··· MATERIAL FOR THE TASK
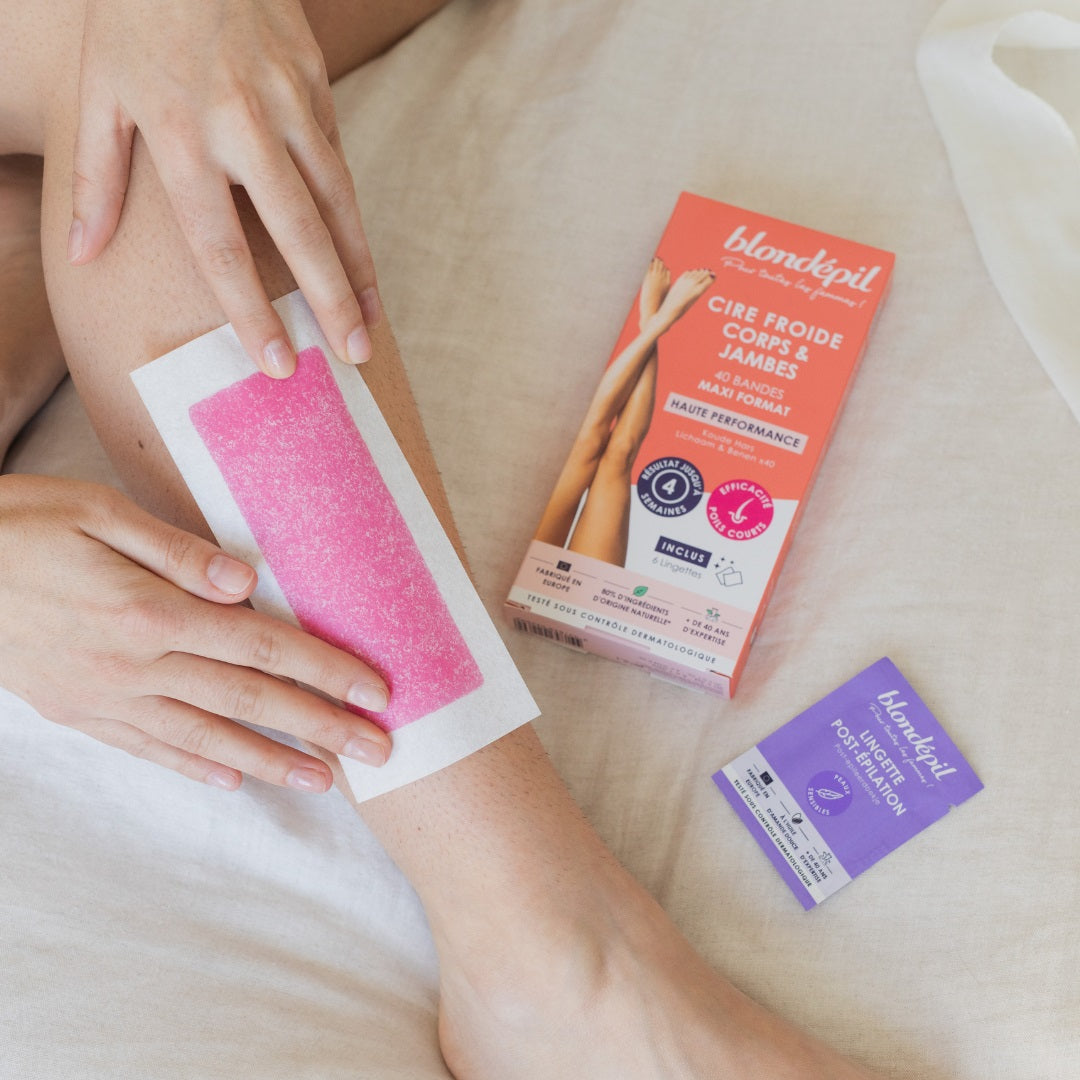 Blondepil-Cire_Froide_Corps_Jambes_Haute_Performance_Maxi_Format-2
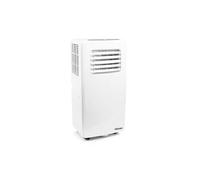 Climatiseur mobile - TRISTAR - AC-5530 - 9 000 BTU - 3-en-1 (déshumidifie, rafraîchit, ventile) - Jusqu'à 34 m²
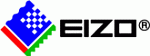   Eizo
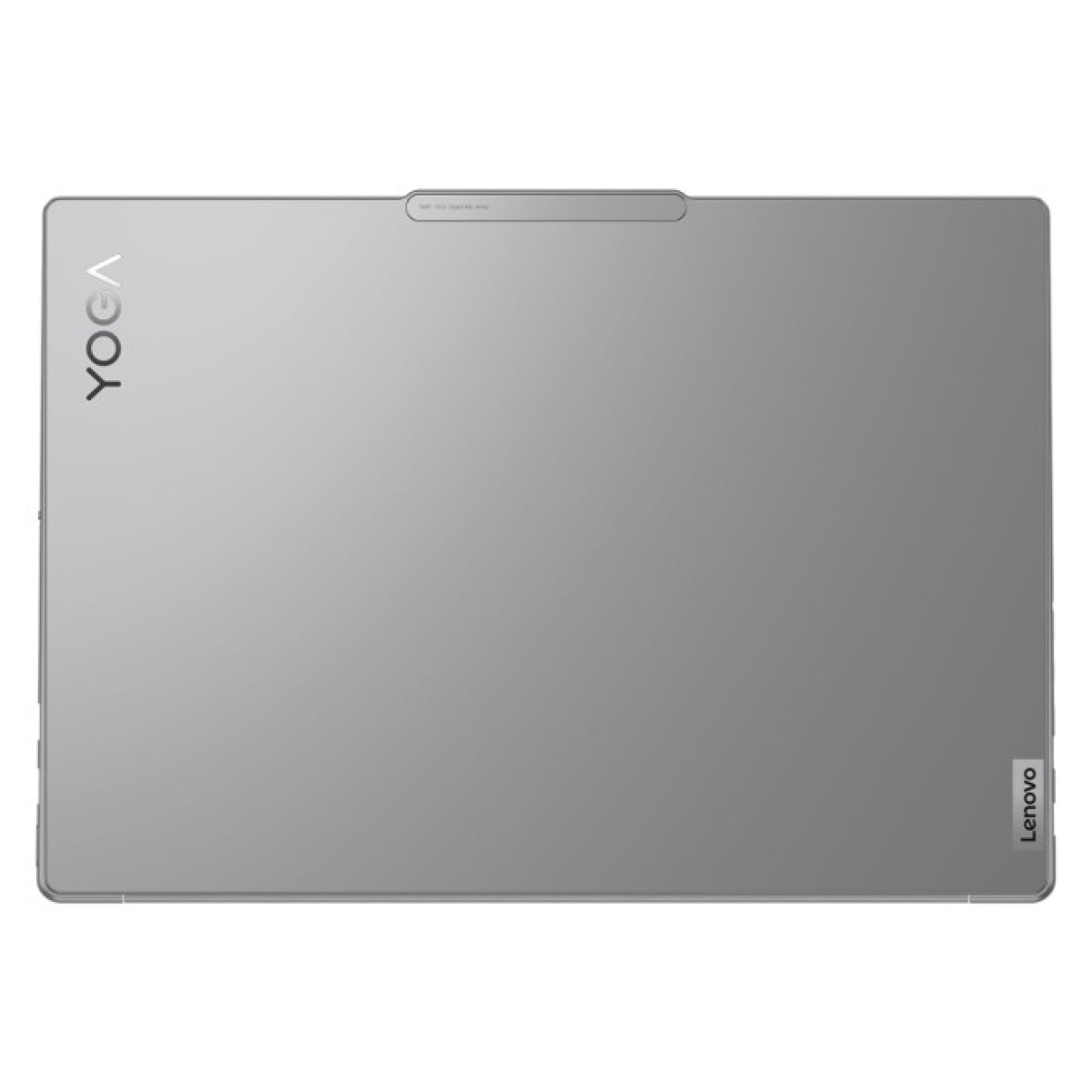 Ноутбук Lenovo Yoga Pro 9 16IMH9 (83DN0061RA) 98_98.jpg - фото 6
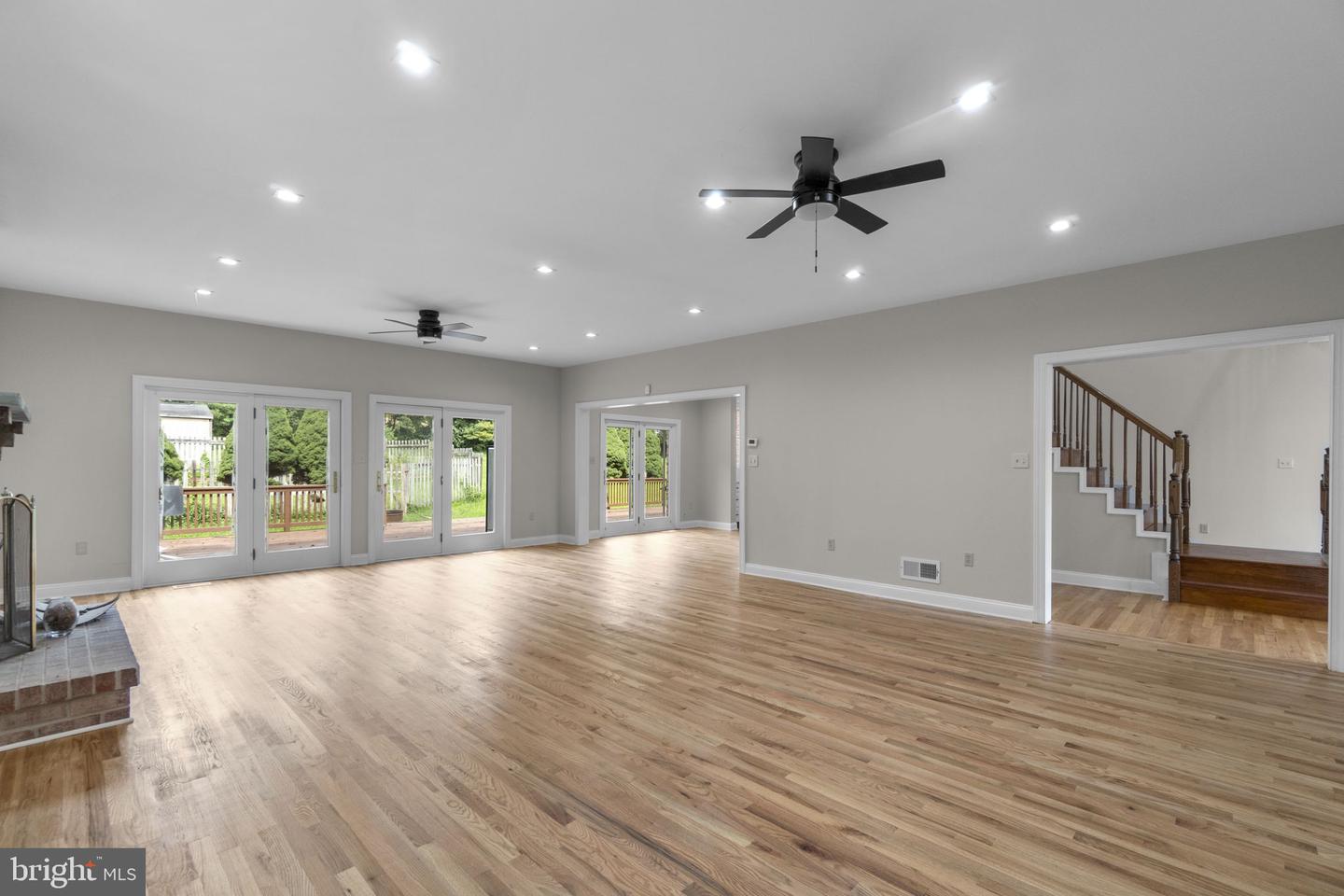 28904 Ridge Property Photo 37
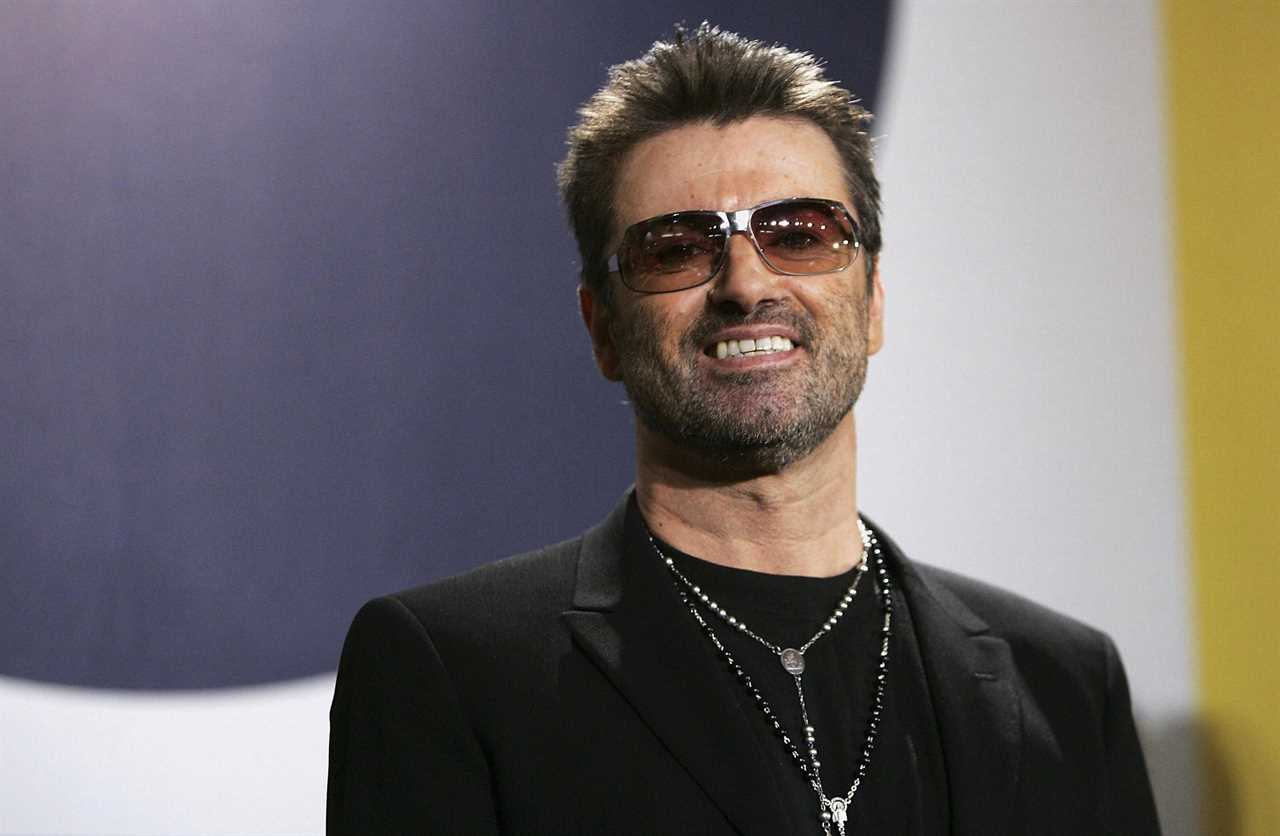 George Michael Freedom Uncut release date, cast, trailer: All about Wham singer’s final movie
······
=== YOUR TASK ===
Give back the data exactly. Skip any images.

=== TASK OUTPUT ===
 Blondepil-Cire_Froide_Corps_Jambes_Haute_Performance_Maxi_Format-2
 Climatiseur mobile - TRISTAR - AC-5530 - 9 000 BTU - 3-en-1 (déshumidifie, rafraîchit, ventile) - Jusqu'à 34 m²
   Eizo
 Ноутбук Lenovo Yoga Pro 9 16IMH9 (83DN0061RA) 98_98.jpg - фото 6
 28904 Ridge Property Photo 37
 George Michael Freedom Uncut release date, cast, trailer: All about Wham singer’s final movie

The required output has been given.